Once the line containing "aprilia - dorsoduro-900" is found in the data below, repeat it and every later line exactly, leaving the pictures out.
##### Data block #####
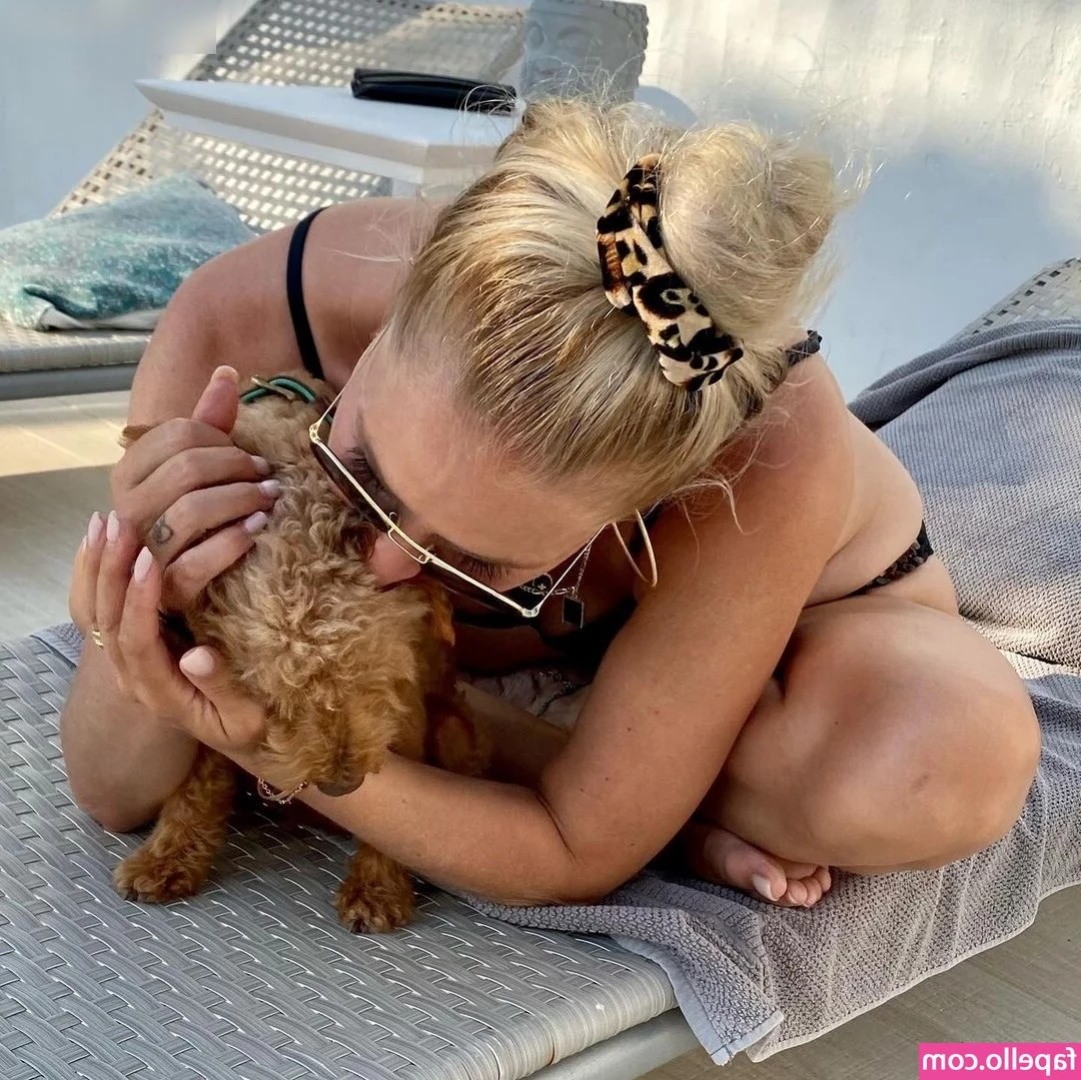 Janine Kunze [ janine-kunze ] - knotrowan loves a good muzzle and a good sock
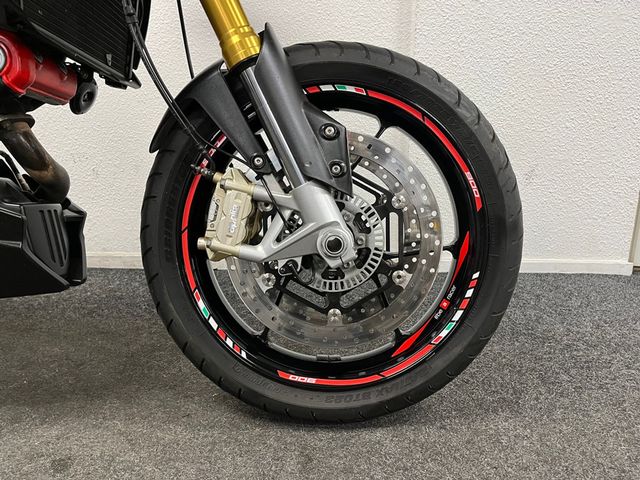 aprilia - dorsoduro-900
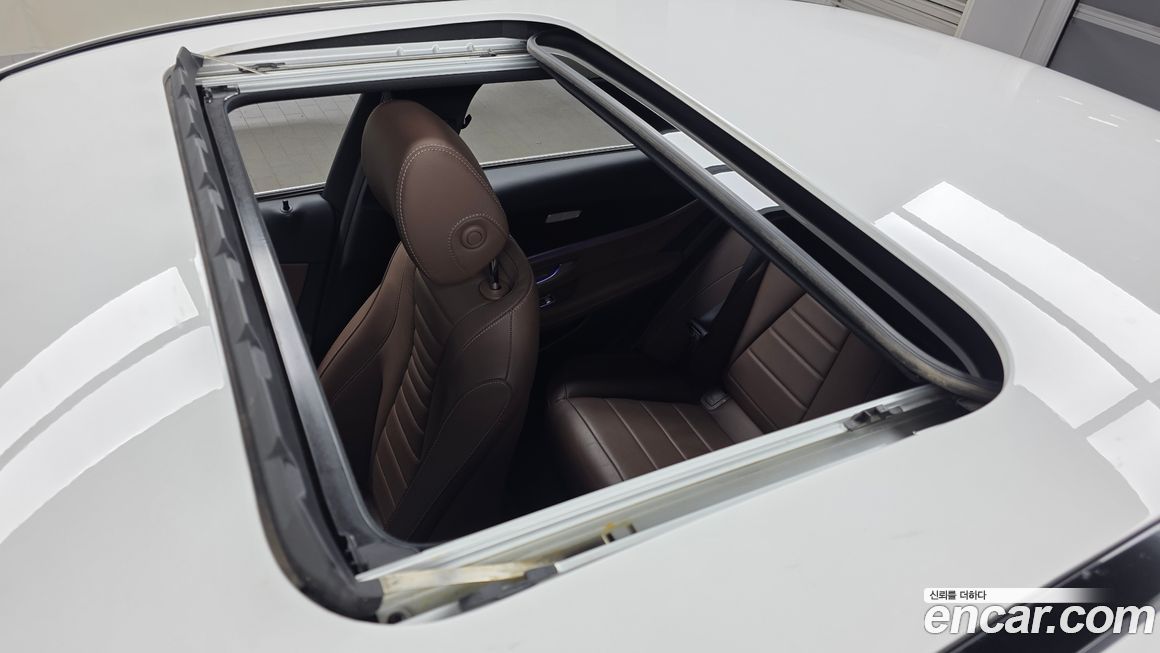 Mercedes-Benz E-Class 2023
#####
▶ **Written response**:
 aprilia - dorsoduro-900
 Mercedes-Benz E-Class 2023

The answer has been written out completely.